Trends for the Future
The continuous bed motion feature found in Siemens’ FlowMotion technology has received positive feedback thus far from patients and physicians alike, said both Brait and Osborne. In a survey conducted by Osborne and his team at the University of Tennessee, physicians were found to prefer reading studies with data acquired by continuous bed motion versus data collected from step-and-shoot technologies.
 
“The center part of a PET scanner is the most sensitive and where you get the best resolution,” said Osborne. “With FlowMotion, every part of the patient passes through that central region at some point during the scan, and you get this uniform sensitivity profile across the entire axial extent of the scan. That helps improve some contrast that the physicians see when they’re looking through the axial images.”
 
The use of this hybrid modality is expected to grow in the coming years, particularly in radiation oncology, which comprises a majority of the volume of PET/CT imaging. “I think that’s an area of PET/CT where we’re going to experience a tremendous amount of growth,” said Osborne.
 
SPECT Image Quality Improves
The FDA cleared Siemens’ Symbia Intevo SPECT/CT system last September.

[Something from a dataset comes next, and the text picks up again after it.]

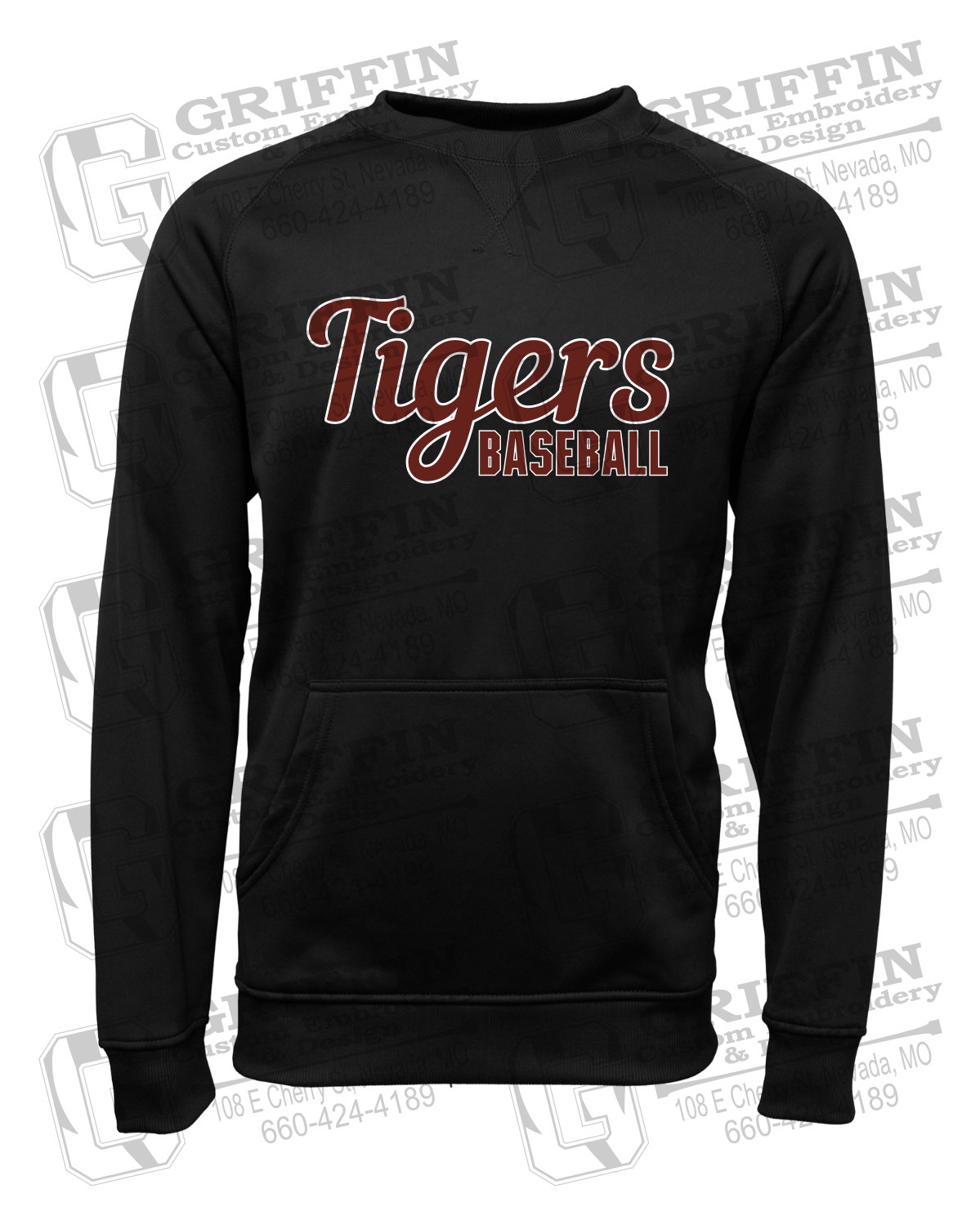 Performance Fleece Sweatshirt - Baseball - Nevada Tigers 26-S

It is the first system to completely integrate high sensitivity of single-photon emission computed tomography (SPECT) with the high specificity of CT into a single modality, rather than combining as separate overlay images. Siemens is calling the combined modality technology xSPECT.
 
The system completely integrates data from both modalities, generating high resolution and, for the first time, quantitative images. In traditional SPECT/ CT imaging, the SPECT image has always been reconstructed at a low-resolution matrix — much lower than the CT portion of the exam. As a result, the CT resolution must be downgraded dramatically to the level of SPECT to enable mechanical fusion of the two modalities. xSPECT combines the images into a new, completely integrated single dataset for vastly higher resolution and quantitative images.
 
New Tracer for Heart Failure
In March 2013, the FDA approved a new indication for GE Healthcare’s AdreView (iobenguane I-123 injection), the only FDA approved molecular imaging agent to link nerve function in the heart to a patient’s mortality risk. AdreView is approved for the scintigraphic assessment of myocardial sympathetic innervation (cardiac nerve activity) to assist in the evaluation of patients with New York Heart Association (NYHA) Class II or Class III heart failure and left ventricular ejection fraction (LVEF) ? 35 percent.
 
“Predicting disease progression in heart failure patients can be difficult, and there are currently a limited number of prognostic tools available to help clinicians understand the likelihood for heart failure progression,” said James Arrighi, M.D., associate professor of medicine, Brown University, Providence, R.I. “Now, with AdreView, we have a tool that will provide clinicians with a numeric score to help stratify mortality risk, and may help to promote more informed clinical decision-making.”
 
Increased myocardial sympathetic activity is a prominent feature of heart failure and is often associated with decline in left ventricular function, worsening heart failure symptoms and sudden cardiac death. This increase leads to a depletion of norepinephrine (NE) storage and uptake. AdreView offers a means to assess neuronal capacity for NE uptake and storage. While current tests look at the effect of the disease on heart muscle and blood flow, AdreView uses the heart to mediastinum ratio to assess the functionality of the sympathetic nerves.